Pertenço a um pequeno número de vivos que integrou as fileiras da Conferência de S. Vicente de Paulo, pela mão de meu pai, conjuntamente com um irmão mais novo, na paróquia de S. Pedro da Covilhã, nos finais da década de cinquenta do século passado.
Sairia com a chamada para o serviço militar, então nos finais da década seguinte. Mas as atividades profissionais, o casamento e os filhos, para além de ter ido residir para outro concelho, e as dificuldades próprias duma vida stressante, levaram-me a um longo interregno fora desta vida de grande solidariedade; quiçá de alguma passividade com o mundo de dificuldades do meu próximo.

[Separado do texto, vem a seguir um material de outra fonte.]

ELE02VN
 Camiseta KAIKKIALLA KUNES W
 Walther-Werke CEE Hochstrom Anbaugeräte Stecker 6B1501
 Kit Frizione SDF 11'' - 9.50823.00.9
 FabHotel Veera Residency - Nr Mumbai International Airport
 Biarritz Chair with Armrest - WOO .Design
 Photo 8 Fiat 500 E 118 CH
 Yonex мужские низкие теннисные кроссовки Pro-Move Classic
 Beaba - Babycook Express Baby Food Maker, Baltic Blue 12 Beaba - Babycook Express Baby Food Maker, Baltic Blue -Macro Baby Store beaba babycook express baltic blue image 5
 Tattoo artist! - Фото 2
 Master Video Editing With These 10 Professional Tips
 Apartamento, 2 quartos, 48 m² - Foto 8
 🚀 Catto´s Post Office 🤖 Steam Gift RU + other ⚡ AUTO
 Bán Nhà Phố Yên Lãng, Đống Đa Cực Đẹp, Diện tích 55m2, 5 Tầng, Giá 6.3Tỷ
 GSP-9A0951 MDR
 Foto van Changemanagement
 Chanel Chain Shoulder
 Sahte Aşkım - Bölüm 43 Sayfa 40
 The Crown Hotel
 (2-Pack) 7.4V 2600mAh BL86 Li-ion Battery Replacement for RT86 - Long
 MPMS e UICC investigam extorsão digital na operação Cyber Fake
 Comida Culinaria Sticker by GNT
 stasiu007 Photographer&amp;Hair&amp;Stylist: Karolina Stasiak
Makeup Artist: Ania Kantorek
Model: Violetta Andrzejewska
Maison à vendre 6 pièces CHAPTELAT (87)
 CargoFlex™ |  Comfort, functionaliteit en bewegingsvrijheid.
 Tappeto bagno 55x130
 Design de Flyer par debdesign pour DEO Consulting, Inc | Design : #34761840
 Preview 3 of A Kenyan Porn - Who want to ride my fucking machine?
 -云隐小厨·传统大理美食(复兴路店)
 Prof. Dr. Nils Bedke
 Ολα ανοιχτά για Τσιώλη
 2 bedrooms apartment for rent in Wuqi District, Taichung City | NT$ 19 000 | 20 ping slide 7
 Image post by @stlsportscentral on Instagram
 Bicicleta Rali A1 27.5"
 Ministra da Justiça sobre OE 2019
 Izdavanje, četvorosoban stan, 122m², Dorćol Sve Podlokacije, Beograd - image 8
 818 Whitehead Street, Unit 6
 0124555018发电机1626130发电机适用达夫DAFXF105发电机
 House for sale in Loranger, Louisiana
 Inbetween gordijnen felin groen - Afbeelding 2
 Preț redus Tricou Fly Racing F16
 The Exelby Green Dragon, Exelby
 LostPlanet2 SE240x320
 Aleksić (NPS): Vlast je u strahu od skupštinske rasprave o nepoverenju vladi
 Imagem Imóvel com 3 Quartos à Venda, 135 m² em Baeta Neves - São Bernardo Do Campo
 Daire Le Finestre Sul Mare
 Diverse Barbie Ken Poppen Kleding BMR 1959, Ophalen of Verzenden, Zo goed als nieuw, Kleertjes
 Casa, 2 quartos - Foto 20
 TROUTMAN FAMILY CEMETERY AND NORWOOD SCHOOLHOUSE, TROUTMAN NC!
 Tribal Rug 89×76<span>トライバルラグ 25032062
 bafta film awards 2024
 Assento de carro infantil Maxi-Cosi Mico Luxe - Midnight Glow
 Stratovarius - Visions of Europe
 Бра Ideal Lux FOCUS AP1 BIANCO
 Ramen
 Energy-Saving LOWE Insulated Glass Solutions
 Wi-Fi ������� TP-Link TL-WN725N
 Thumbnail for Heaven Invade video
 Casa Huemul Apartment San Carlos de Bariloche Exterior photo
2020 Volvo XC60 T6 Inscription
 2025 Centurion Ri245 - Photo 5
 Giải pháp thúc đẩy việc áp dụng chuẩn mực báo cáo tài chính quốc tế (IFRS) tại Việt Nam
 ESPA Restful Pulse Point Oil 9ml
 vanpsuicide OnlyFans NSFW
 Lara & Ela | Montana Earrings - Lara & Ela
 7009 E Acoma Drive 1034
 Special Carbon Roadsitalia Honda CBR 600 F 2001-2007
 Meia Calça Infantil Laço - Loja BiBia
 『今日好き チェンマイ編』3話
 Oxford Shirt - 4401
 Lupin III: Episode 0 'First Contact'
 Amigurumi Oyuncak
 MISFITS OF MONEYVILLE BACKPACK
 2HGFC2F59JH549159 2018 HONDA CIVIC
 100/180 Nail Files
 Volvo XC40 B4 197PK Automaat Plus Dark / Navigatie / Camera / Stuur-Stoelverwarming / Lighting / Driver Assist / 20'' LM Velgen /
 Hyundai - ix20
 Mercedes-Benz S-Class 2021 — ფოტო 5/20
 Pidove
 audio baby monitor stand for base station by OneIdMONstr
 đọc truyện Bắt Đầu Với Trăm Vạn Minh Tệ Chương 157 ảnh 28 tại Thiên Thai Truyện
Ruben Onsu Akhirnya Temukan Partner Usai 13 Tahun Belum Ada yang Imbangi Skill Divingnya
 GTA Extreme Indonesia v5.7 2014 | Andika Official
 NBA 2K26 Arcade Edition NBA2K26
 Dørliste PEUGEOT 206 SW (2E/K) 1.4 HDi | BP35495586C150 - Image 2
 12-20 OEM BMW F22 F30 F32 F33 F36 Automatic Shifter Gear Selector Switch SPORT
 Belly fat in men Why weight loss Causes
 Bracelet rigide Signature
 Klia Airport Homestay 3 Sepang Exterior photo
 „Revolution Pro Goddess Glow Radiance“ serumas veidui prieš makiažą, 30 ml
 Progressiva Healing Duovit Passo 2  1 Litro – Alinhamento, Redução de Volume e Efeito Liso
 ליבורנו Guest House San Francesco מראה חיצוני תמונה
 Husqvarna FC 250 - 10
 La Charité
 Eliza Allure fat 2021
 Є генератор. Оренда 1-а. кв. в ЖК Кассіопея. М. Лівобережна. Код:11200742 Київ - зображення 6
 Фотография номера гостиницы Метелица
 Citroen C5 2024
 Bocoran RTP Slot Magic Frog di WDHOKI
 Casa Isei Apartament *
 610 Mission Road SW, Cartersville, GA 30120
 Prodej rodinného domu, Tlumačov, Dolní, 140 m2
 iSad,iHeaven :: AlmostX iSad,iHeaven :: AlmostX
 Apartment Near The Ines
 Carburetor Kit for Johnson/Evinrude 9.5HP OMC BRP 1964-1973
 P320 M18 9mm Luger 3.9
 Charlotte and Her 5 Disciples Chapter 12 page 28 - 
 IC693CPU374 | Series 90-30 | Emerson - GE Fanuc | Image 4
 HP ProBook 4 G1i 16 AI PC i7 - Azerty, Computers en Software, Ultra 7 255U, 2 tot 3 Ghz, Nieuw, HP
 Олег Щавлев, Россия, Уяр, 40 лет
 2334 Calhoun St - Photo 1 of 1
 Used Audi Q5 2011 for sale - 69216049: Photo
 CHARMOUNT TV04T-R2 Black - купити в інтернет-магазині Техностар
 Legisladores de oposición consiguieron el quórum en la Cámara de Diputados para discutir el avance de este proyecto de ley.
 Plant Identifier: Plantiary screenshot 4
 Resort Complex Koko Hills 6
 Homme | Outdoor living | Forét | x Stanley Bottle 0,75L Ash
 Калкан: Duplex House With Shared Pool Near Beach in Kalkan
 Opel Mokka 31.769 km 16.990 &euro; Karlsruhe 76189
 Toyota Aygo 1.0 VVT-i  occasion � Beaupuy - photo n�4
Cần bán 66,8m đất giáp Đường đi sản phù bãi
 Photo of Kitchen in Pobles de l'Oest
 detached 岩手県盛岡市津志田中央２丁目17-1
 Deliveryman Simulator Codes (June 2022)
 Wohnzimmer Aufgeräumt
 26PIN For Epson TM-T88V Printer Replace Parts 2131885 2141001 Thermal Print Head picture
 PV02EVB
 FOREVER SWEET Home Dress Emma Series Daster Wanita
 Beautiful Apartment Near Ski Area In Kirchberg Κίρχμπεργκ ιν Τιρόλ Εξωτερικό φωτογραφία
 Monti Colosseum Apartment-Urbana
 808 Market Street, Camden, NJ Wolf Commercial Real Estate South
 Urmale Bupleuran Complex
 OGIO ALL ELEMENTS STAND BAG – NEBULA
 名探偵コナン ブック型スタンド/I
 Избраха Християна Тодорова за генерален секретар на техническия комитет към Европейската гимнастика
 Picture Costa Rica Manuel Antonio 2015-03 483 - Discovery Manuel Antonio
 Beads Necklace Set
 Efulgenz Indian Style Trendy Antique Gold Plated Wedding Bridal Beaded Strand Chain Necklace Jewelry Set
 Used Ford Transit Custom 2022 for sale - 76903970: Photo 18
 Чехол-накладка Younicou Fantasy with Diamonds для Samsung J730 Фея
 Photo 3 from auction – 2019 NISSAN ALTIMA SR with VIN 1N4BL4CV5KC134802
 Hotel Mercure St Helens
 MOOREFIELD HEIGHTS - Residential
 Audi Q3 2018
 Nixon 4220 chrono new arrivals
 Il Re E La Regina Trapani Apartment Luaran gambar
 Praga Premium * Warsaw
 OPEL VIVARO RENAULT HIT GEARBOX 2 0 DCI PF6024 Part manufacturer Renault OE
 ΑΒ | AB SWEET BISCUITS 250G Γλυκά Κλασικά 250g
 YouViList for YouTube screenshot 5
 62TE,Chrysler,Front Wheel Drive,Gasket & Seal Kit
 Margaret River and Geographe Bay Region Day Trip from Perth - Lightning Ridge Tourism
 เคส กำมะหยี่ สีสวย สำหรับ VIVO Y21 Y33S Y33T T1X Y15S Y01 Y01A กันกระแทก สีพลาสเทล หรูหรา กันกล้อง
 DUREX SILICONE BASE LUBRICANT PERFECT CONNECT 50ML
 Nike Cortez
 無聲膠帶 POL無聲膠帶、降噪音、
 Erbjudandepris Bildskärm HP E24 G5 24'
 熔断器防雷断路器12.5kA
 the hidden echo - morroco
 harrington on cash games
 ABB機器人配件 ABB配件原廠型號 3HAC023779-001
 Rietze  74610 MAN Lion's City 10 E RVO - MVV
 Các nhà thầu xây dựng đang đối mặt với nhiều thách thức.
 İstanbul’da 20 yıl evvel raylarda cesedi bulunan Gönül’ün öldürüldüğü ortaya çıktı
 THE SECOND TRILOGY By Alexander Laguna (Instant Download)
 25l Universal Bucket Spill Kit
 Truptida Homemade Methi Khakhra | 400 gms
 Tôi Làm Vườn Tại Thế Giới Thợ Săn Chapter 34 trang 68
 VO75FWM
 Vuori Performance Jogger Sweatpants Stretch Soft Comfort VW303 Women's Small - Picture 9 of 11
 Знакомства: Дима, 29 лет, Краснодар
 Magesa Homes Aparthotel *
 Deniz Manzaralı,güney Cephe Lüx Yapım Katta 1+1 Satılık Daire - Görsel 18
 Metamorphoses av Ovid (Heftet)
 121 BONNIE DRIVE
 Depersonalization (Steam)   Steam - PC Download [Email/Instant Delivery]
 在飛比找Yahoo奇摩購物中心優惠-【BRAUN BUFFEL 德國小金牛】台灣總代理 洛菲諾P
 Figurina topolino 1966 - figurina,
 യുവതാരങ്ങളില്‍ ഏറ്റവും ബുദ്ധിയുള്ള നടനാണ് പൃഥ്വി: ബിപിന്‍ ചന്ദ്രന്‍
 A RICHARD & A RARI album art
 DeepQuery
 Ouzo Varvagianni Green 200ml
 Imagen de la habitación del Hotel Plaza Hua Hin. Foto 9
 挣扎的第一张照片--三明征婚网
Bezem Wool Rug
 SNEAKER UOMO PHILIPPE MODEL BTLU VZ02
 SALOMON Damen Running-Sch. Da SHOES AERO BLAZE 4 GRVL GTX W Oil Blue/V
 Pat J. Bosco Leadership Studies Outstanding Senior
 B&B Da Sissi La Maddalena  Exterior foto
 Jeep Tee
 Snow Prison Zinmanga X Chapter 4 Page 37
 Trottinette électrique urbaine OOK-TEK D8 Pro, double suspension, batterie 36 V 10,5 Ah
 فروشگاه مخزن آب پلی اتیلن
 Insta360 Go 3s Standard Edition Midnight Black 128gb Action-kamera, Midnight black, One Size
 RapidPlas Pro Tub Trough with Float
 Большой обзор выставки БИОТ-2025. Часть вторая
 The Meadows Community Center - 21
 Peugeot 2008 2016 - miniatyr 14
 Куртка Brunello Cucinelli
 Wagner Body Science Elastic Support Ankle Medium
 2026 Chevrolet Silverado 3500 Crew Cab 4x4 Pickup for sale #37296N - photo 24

Voltei há uns anos a esta instituição de grandiosíssimo mérito, por influência de confrades amigos, agora na paróquia da Conceição, da cidade da Covilhã; desta vez com minha mulher e por onde também já passou o meu filho e a nora.
O preâmbulo deste meu texto serve tão só para memorizar quão longos têm sido os caminhos das necessidades básicas de muita gente, cada vez mais com o sofrimento a trazer novidades, entre as quais a pobreza envergonhada, e não só, vertentes desta mesma pobreza que outrora não se verificavam.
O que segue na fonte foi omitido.